Aged 19, Chanthy moved to Phnom Penh in search of a job. She was almost duped into working in a brothel, but managed to escape and has since tried her hand at everything from construction to souvenir store owner.

“Rock and roll is the type of music genre that helps people get relief and become happy. It helps them get out of painful feelings because of its humble and funny lyrics,” she said.

Rock revival

The Cambodian Space Project was the subject of the feature-length film “Not Easy Rock’n’Roll”, which premiered in 2015 and later screened on the BBC.

Neither Chanthy nor Poulson expected that they would be performing in front of such large audiences just eight years after forming.

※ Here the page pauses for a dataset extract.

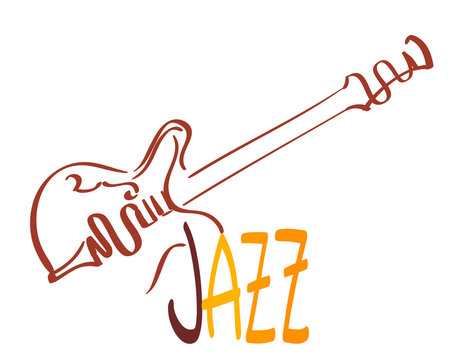 vintage guitar and jazz music sign. vector illustration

Marc Eberle, the director of “Not Easy Rock’n’Roll”, said the film’s recent screening on BBC World was “a great way to bring Cambodian culture to the world. In many countries in South America, Africa and across Asia the story resonates well with the audience.”

Kak Chanthy and The Cambodia Space Project is a rock and roll Cambodia band that is reviving the lost rock and roll music during the 1960s.(Courtesy Photo)
Kak Chanthy and The Cambodia Space Project is a rock and roll Cambodia band that is reviving the lost rock and roll music during the 1960s.(Courtesy Photo)

Along with The Cambodian Space Project, Dengue Fever, another Cambodian-western fusion band, pursues a similar mission to preserve and innovate in the Cambodian music scene.

Jimmy Kiss, a rising Cambodian pop-rock musician, says he is impressed by the current state of Cambodian rock and roll.

He disagrees with people who say that Cambodia’s music industry is stuck in a rut.

“The only difference between musicians in the past and the musicians in the present is how people value the music. There are so many talented musicians out there nowadays. The thing is that people in the past valued musicians more than people do now,” he claimed.